Действительно, менее чем в 100 саженях позади „Дианы”, чернела так хорошо знакомая опоясанная цепочками крышка японской мины заграждения... Вызвали стрелков для ее расстрела.*
*) Ружейная пуля или снаряд мелкой пушки вследствие незначительности своей массы не дают мине такого толчка, чтобы она взорвалась, а просто делают пробоину в ее корпусе. Через пробоину вливается вода, и мина тонет, т. е. ложится на дно, где она безвредна.
— Хорошо что мы не взяли несколько левее, когда подходили к месту! — говорил командир, привычным жестом пощипывая бородку. — Были бы с праздником!.. — Спасибо, что всплыла, — в тон ему ответил я, — а то и при съемке, разворачиваясь, можно бы напороться!..
— „Цесаревич”, выходивший в это время из гавани, вдруг круто бросился в сторону и застопорил машины...
— У „Цесаревича” всплывшая мина под носом! — крикнул сигнальщик.
С „Пересвета”, уже ставшего на якорь, донесся сухой прерывистый треск ружейной стрельбы. Очевидно и он занимался тем же, чем и мы.

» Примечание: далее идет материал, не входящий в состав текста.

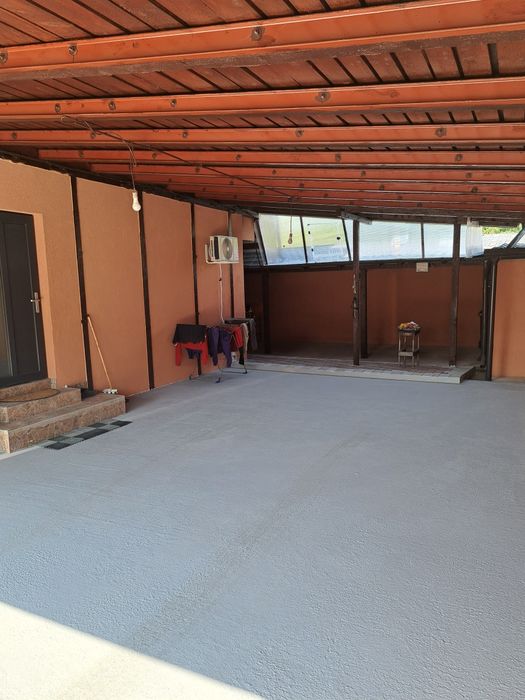 Vand  vilă 180m2 parter + mansardă la preț de apartament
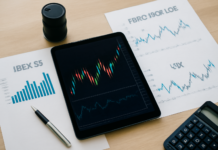 Las novedades financieras del día: IBEX 35, Euro Dólar, petróleo, VIX y tecnología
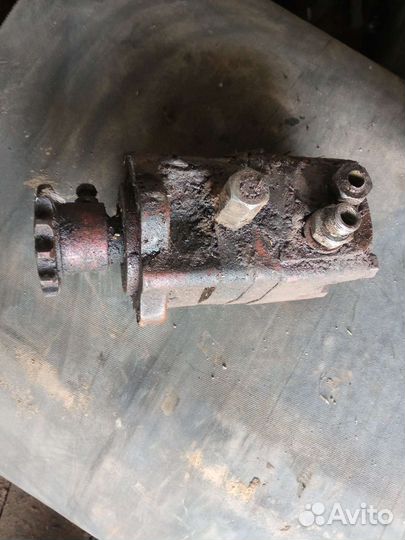 Гидромотор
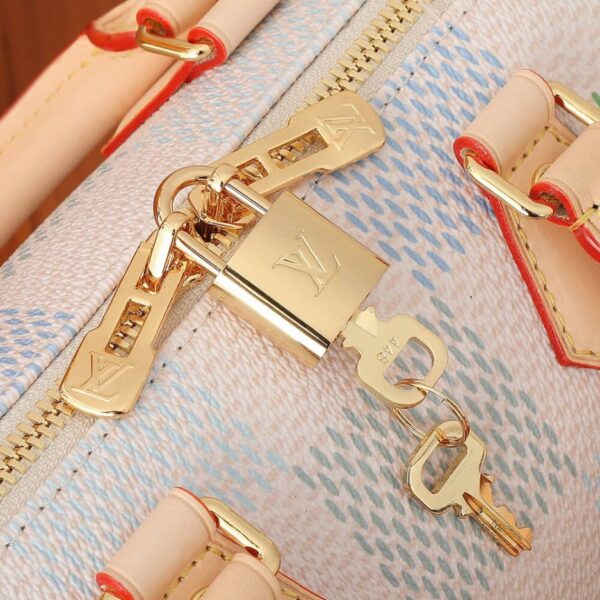 LV Speedy Bandouliere 20 - Image 6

Суда продолжали выходить на рейд, но с величайшей осторожностью, строго следуя по пути, уже пройденному другими, и, по возможности, тотчас же становились на якорь. Взять несколько сажен вправо или влево — и можно было наткнуться на мину, еще не всплывшую, а верно стоящую на заданной глубине... О соблюдении диспозиции, конечно, не могло быть и речи!..

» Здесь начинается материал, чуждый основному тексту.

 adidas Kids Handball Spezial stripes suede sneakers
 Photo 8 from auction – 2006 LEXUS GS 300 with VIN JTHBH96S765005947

К 9 ч. утра всплывших насчитывали до 5.
— Наше счастье, что они их плохо ставили! — посмеивался командир. — Все всплывают!
— Пять всплыло, а сколько еще стоит?.. — заметил минер.
С „Цесаревича” сделали сигнал: “Спустить паровые катера, обследовать промежутки между судами”.
Из гавани вышел тралящий караван и начал совершать рейсы мористее эскадры. Там не нашлось ничего. Зато между судами улов оказался богатым: к полудню взорвалось на тралах, всплыло и было утоплено расстрелом 10—11 мин.
Одна была взорвана у нас под кормой так близко (сажен 10—15), что при падении поднятого взрывом водяного столба все находившееся на юте приняли холодный душ.
А в сторону моря — было чисто...
Эскадра словно нарочно расположилась на минной банке...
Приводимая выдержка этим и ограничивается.